美人は目がきれいだ。これはよく聞く話だ。視力という意味ではなく、美人の目の良さには感心させられることが多い。

 この目の良さとは、「よく見ている」ということだ。視力というより視野なのかもしれない。なにげなく歩いていて、面白いものを発見して教えてくれたり、困っている人を見つけて助けてあげたり、遠くから危険なものを見つけていたり。そして、ちょっとしたいい話をたくさん持っている。

 多くの人が見逃しているだろうことをよく見ているのだ。別にキョロキョロしているわけではないし、話などに集中してないわけでもない。むしろしっかり見ている。それなのに発見が多い。視野が広いとしか言いようがない。

 多くのことに興味を持ち、多くのことを考え、多くのことと関わろうという意識なのだろうか。広い視野は知識も広げているようである。

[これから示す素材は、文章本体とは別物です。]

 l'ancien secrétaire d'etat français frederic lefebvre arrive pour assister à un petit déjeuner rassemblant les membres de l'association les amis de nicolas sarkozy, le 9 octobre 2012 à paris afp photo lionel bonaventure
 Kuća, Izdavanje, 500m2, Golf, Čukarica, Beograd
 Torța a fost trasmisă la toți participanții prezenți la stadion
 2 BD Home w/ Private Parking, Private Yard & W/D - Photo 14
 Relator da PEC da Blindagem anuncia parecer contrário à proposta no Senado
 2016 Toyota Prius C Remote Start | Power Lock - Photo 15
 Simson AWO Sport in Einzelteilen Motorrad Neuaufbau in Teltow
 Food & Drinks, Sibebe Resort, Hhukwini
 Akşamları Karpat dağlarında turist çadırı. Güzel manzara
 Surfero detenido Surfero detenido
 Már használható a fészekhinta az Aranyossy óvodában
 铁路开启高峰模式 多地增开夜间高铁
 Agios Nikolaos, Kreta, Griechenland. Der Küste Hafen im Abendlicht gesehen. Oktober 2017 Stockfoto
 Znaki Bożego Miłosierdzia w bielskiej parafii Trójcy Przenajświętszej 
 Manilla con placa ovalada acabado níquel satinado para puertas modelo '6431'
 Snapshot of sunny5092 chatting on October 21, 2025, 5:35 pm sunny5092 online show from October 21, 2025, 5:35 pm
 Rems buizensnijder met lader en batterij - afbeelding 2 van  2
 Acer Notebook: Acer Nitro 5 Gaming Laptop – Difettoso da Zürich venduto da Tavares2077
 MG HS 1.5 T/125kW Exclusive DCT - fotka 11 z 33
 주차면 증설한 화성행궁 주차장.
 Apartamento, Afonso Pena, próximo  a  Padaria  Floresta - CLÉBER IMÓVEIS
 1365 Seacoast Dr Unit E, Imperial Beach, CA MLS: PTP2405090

「よく気づいたな」、「よく見ていたな」と言われている人はたいてい美人だ。

 日頃からよく見る習慣がついているように思う。

 一方、見逃すことが多い人はやはり「美人のもと」が減っていることが多い。たとえばクルマに乗っていて、「えー、どこどこ」といつまでも聞いていて、結局、話題のものを見逃すようなことが多い。

 こういう人はたいてい「見なかったことにする」ことが多い。

 たとえば、家の中で埃がたまっている場所を発見したとき。今は見なかったことにする。今度見たときに掃除する。会社でコピー機の調子が悪く、困っている人を見かける。でも、見なかったことにする。面倒なので。歩いていて、前方で何かを落とした人がいる。でも、見なかったことにする。その人が悪い。財布じゃないし。

 このように「見なかったことにする」ことを繰り返していると次第に「本当に見なかった」になっていくのだ。「見なかったことにする」のは、後味が悪いので自然と見ないようにすることが増えていく。そうなると自然と視野が狭くなり、発見する力が落ちていくのではないだろうか。

 誰もが面倒だと思ってしまう場面で、笑顔で対応できること。その笑顔は美しい。「美人のもと」を一気に増やすことだろう。そして、そういう機会に多く会うこと。それは広い視野から生まれるのだろう。